As usinas são citadas na Operação Carbono Oculto como peças-chave da expansão dos negócios de Mohamad Hussein Mourad (leia mais abaixo), conhecido como Primo, no setor sucroalcooleiro. Segundo o MPSP, o empresário se apresentou em uma reportagem como João Mourad e sócio-proprietário da Usina Itajobi.
O ato, diz o MPSP, “evidencia a utilização de pseudônimo para ocultar sua verdadeira identidade e sua conexão com as usinas”. As empresas são conectadas a outros CNPJs, identificados como “laranjas do esquema criminoso” na investigação.
O MPSP aponta que as usinas foram compradas por meio de um fundo de investimento, que teria se comprometido a quitar dívidas e indenizar propriedades arrendadas para assumir a sociedade.
A investigação ainda afirma que as usinas do Grupo Itajobi foram usadas para movimentações suspeitas, como o envio de R$ 100 milhões para o Radford Fundo de Investimento por meio do BK Bank, fintech suspeita de lavar dinheiro do PCC.
O grupo criminoso controlado por Mourad teria ainda comprado cana-de-açúcar com sobrepreço em um esquema de sonegação de tributos. O valor inflado do insumo gerava créditos tributários que eram usados para abater impostos de outras etapas da cadeia produtiva do combustível.
Deflagrada em agosto de 2025, a Operação Carbono Oculto investiga um esquema bilionário de lavagem de dinheiro, sonegação fiscal e fraudes no mercado de combustíveis, apontado como uma das principais fontes de financiamento do PCC.
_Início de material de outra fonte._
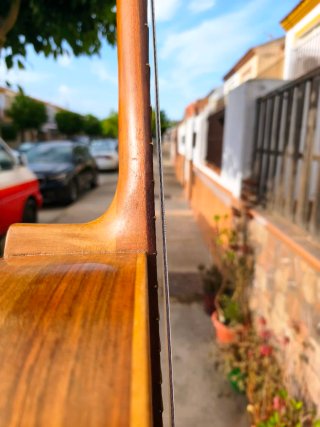 Guitarra Clásica José Ramírez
Os principais alvos são os empresários Mohamad Hussein Mourad, conhecido como Primo, e Roberto Augusto Leme da Silva, o Beto Louco.
As investigações indicam que a organização criminosa atuava desde a importação e distribuição de combustíveis até postos revendedores, utilizando empresas de fachada e “laranjas” para ocultar os verdadeiros controladores dos negócios.
Além dos postos de combustíveis, o esquema utilizava fintechs, fundos de investimento e outras estruturas financeiras para movimentar bilhões de reais e dificultar o rastreamento dos recursos obtidos com atividades ilícitas.
A força-tarefa reuniu Receita Federal, Ministério Público, Polícia Federal e outros órgãos, cumprindo centenas de mandados de prisão e busca contra mais de 350 pessoas físicas e jurídicas em diversos estados, além de bloquear bens e ativos dos investigados.
A estratégia da operação é desarticular o braço econômico do PCC, retirando o controle sobre empresas aparentemente legais que serviam para lavar dinheiro, sonegar impostos e financiar a expansão da facção no mercado formal.